- _INFORMATION SUPPLIED_:
>>

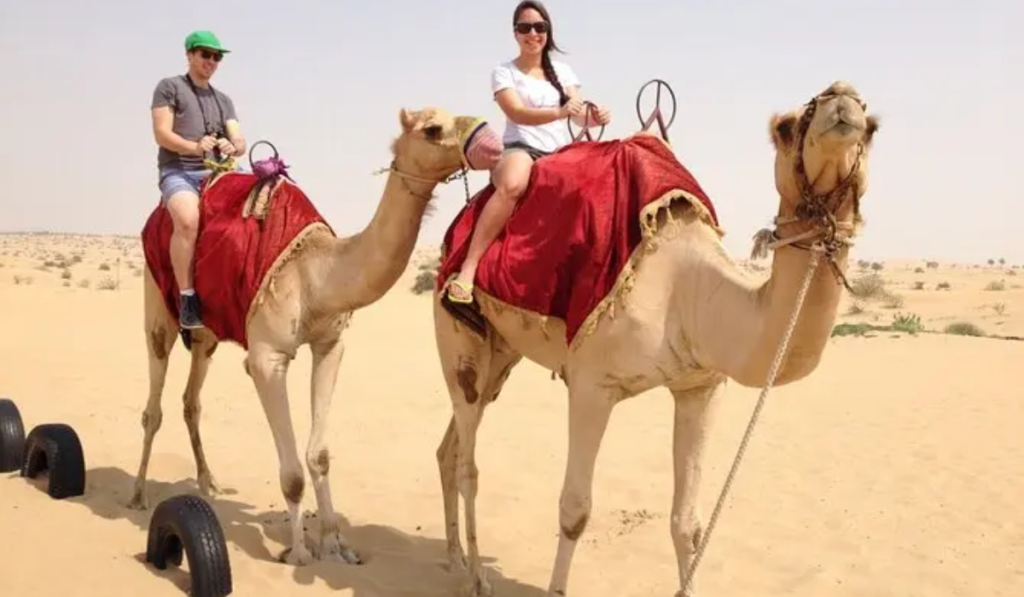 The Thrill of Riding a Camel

<<
>>

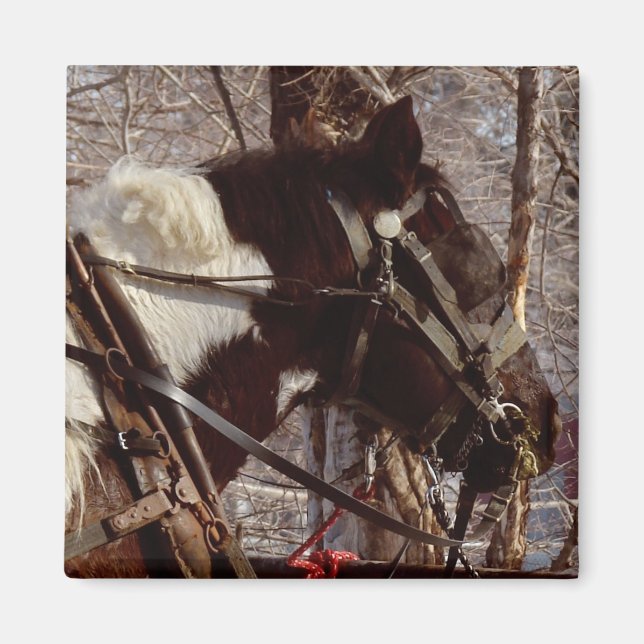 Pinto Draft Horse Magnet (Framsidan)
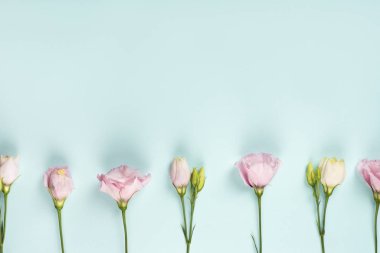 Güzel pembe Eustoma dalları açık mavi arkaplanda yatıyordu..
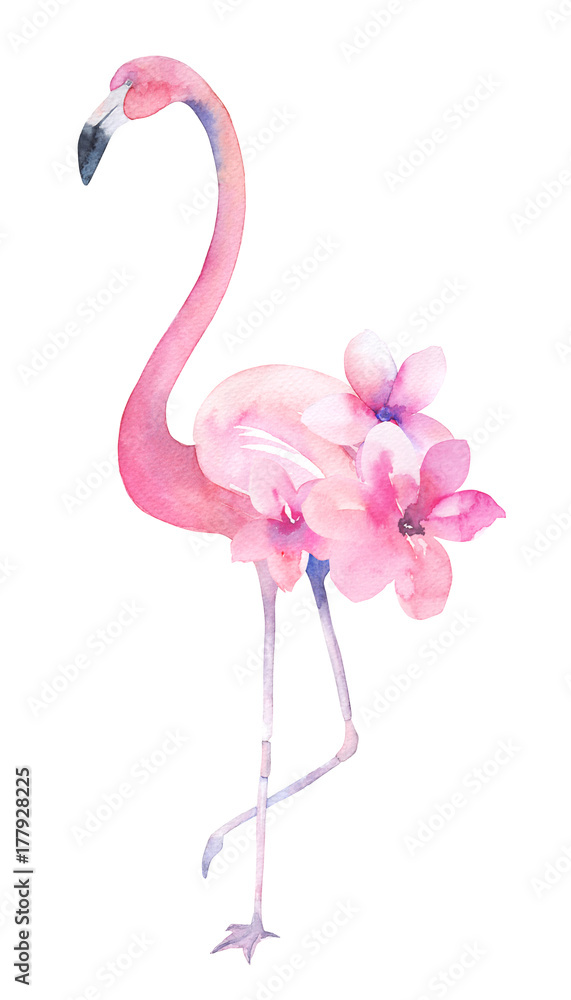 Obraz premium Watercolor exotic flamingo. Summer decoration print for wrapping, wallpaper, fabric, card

<<
>>

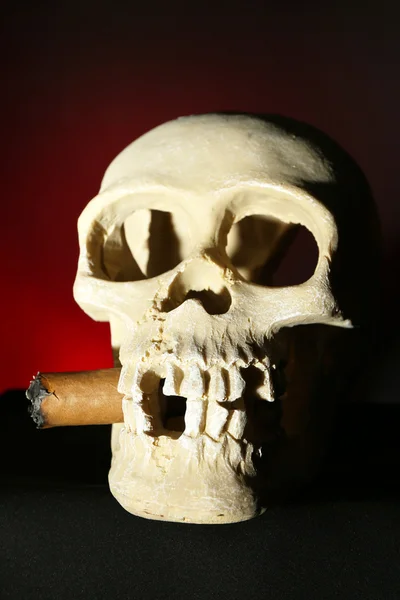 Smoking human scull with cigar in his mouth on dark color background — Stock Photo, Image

<<

- _WHAT IS REQUIRED_: Print exactly, with no pictures, the lines above from the one that holds "Güzel pembe Eustoma" through the one that holds "Obraz premium Watercolor", both of them included.

- _THE ANSWER_:
 Güzel pembe Eustoma dalları açık mavi arkaplanda yatıyordu..
 Obraz premium Watercolor exotic flamingo. Summer decoration print for wrapping, wallpaper, fabric, card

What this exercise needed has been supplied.